Safdar was not simply a remarkably creative person himself, he had a knack of drawing out the best from others. He was able to unlock the creativity in his co-workers, not in a formal teacher-learner format, but as co-workers of a creative collective. Safdar’s absence continues to be felt and he is a reference point for most of Janam’s enterprises. He played the central role in creating the two dozen-odd street plays we did during 1978–88. And in the 40-odd street plays after his death, Safdar’s inspiration has been with us. We remember him especially when something particularly innovative happens or when there is a crisis. We remember him when we are eating together or sharing jokes. A number of initiatives after 1989 – for instance, we started a journal, Nukkad Janam Samvaad in 1993, built a mobile theatre in 1997 to take our larger plays in working class areas, etc. – have been a fruition of his dreams.
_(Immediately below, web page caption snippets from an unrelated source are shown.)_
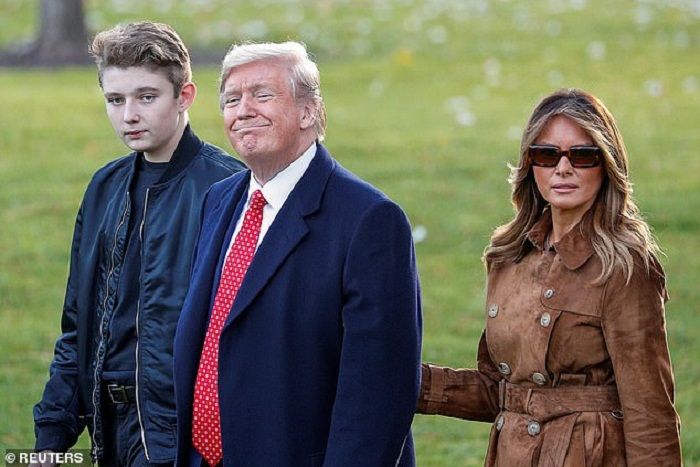 Cuek dengan Corona, Donald Trump Undang 7.500 Warga Ikut Pesta Kembang Api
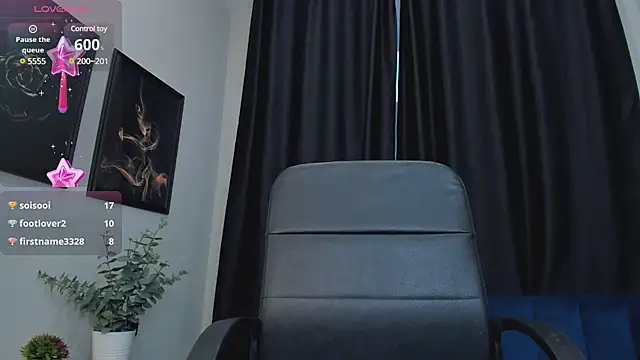 Snapshot of EvaSelin chatting on 01.14.25 EvaSelin online show from 01.14.25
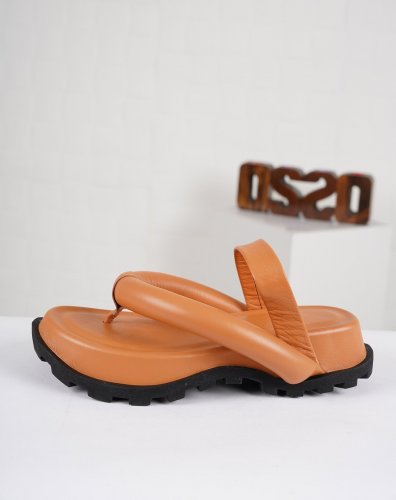 Carousel post from ossoshoes.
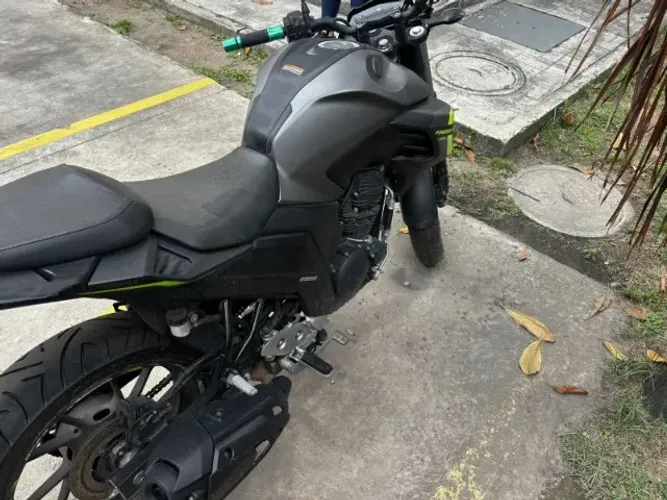 Moto Fazer 250 ano 2023/24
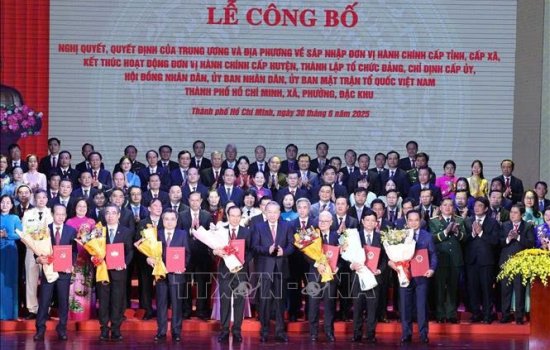 Tổng Bí thư Tô Lâm: "Sắp xếp lại giang sơn" là bước đi lịch sử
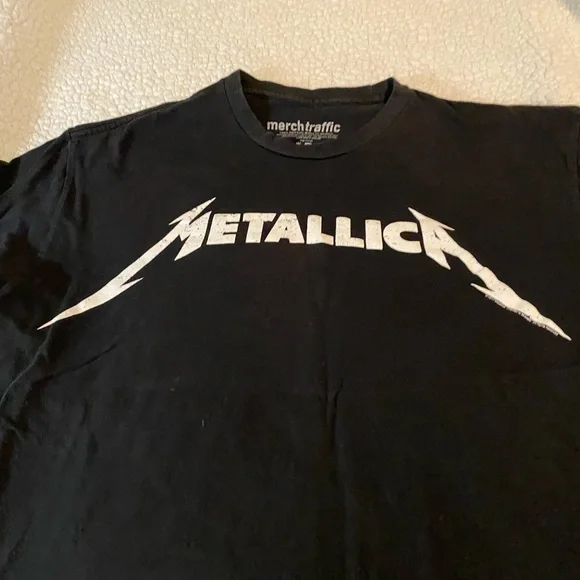Merch Traffic Black Metallica Tee - Picture 2 of 5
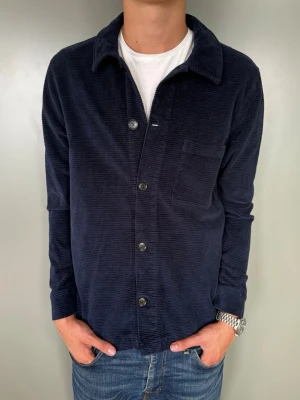 Morris Overshirt  - Storlek: M | Skick:10/10 | Nypris: Ca 1800kr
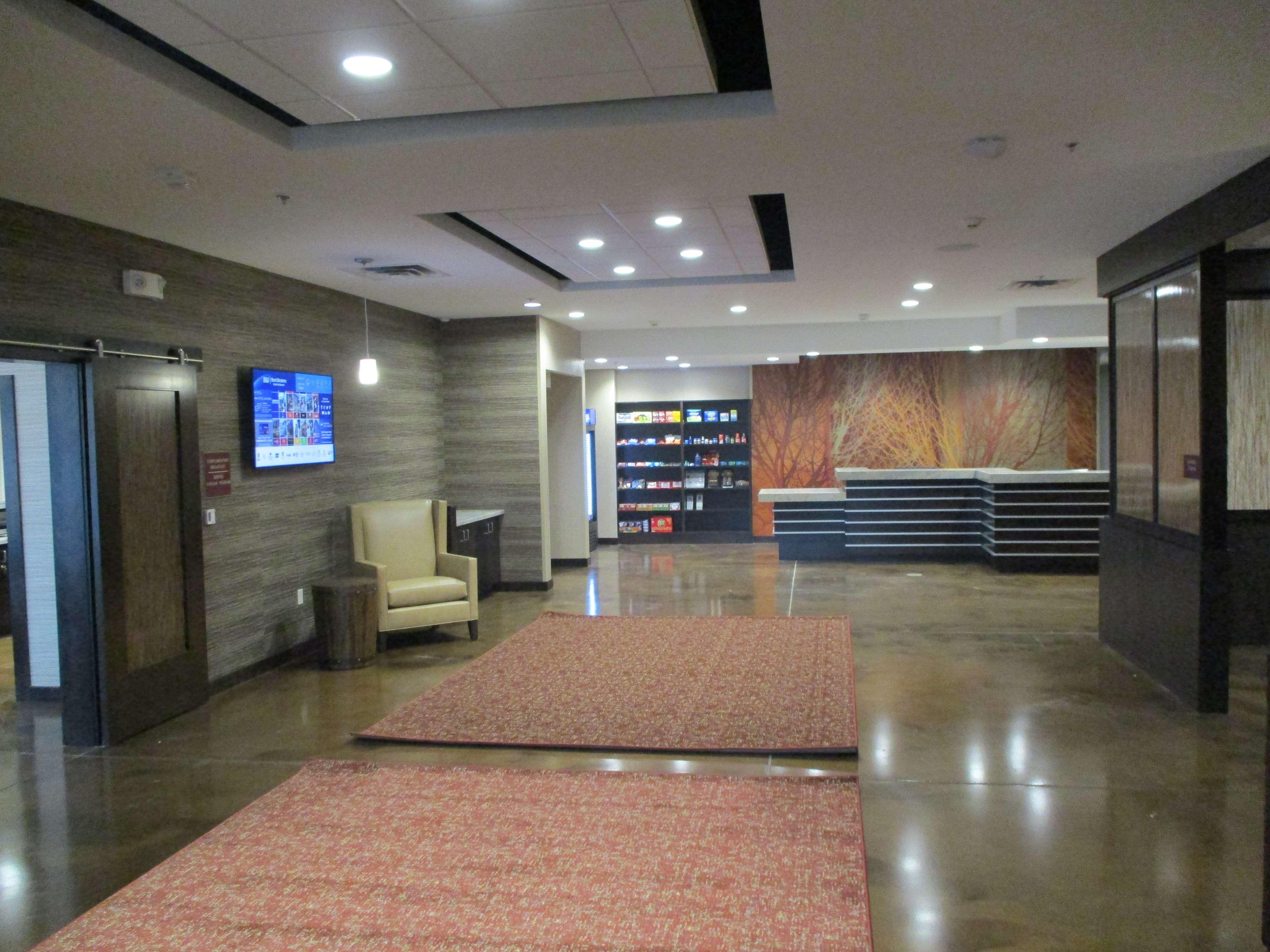 Best Western Plus Lakeview Hotel Madison Экстерьер фото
Safdar’s talents were truly versatile. He wrote plays, songs, articles, he was an actor, singer, and director, he wrote for the television, he made some short films, he wrote a number of wonderful songs, poems and plays for children, he designed posters and masks, and he was an efficient and dynamic organiser. When the Committee for Communal Harmony was formed after the anti-Sikh riots of 1984, Safdar played a large role in mobilising artists and intellectuals. Similarly, in November 1988, when the workers of Delhi went on a 7-day strike, we organised, under Safdar’s initiative and leadership, a large march of artists and intellectuals in support of the workers. 

These initiatives became the precursor for the massive show of solidarity on part of artists and intellectuals after Safdar’s murder. After January 1, 1989, the overwhelming support of the people and artists was the mainstay of Janam. The admiration and love of people even in far-flung areas continue to be very humbling and inspiring. This support has again been evident recently when Safdar’s killers were sentenced to life terms. 

Safdar’s name has become a source of inspiration for large numbers of people across the country and beyond. In Janam, we remember him with joy and with a smile. The grief and loss cannot be repaired. They remain. But what endures is Safdar’s dreams, our dreams, our convictions. Safdar lives with us. He lives among the people.